In a 2012 interview with Decca Aitkenhead for the Guardian, Sophie Kinsella said: “[W]hen I’m asked to describe what I do, I say I write romantic comedies, cos that’s what I feel they are (sic)” (n.pag.). Many of her fellow chick-lit writers also prefer the term romantic comedy, not just to evade a condescending label but because the generic moniker “comedy” describes the core quality of chick-lit narratives. If the paratexts of chick lit - e.g. the blurbs and praise on the book covers - say anything about the characteristic features of the novels, they usually refer to their capacity to evoke laughter. Indeed, being funny is a precondition for the aspiring writers of the genre, as chick-lit author Sarah Mlynowski and chick-lit editor Farrin Jacobs claim in their light-hearted how-to guide See Jane Write – A Girl’s Guide to Writing Chick lit (2006). The book is written in the chatty, conversational tone that is common to many chick-lit novels. In its fourth chapter, Mlynowski and Jacobs introduce an extended metaphor on “How Writing Chick Lit is Like Dating”, for which they put together a list of rules for the composition of a chick-lit novel.1 The role of humour is high on the list, second only to the dictum “Be true to yourself” (40):

Rule #2: Always have your wit about you

Sense of humour is key – in chick lit and in the wonderful world of dating. We’re not saying you have to be a comedian and that you need to generate a laugh a minute, but if you’ve got no funny in you, you might want to reconsider this whole thing. The most important part of using humour to your advantage is you have to have a sense of humour about yourself. Same goes for a date: If you take yourself too seriously, you might be taking yourself out of the game. Dating should be fun (when it’s not torture or, at best, mind-bendingly awkward), and so should the chick lit experience (sic). (41)
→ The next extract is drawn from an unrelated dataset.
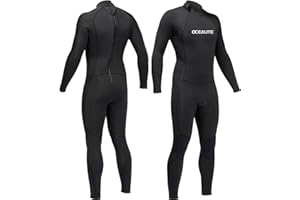 Ocealite Full Wetsuits 5/4mm 4/3mm and 3mm Full Wetsuit for Mens Premium Neoprene Suits for Diving Snorkeling Surfing Swimming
A large part of the marketability of the chick-lit phenomenon is certainly due to its extensive use of humour and the accompanying notion that chick

lit is “fun”. Arguably, humour is the genre’s most distinct feature in comparison with other commercial women’s writing. It is essential to the narrative voice, and, as Cathy Yardley emphasizes, it is one of the major differences between chick lit and its romantic predecessors in the Harlequin/Mills and Boon vein:

[I]t’s important to note that the use of the first person showed a remarkable break from the romance and women’s fiction that preceded chick lit. The conversational tone, the humour, and the protagonist’s relative self-absorption were a radical departure. (74)

The chick-lit formula, however, does not necessarily ask for a first-person narrator, as Yardley reassures endeavouring chick-lit writers in her guidebook Will Write for Shoes – How to Write a Chick lit Novel (74). Nevertheless, most of the novels that are by now classics of the genre use this narrative technique, so that the confessional, humorous voice has definitely become a signature style for chick lit – for authors as well as for those marketing chick lit as a brand: if it is not funny, it is not chick lit.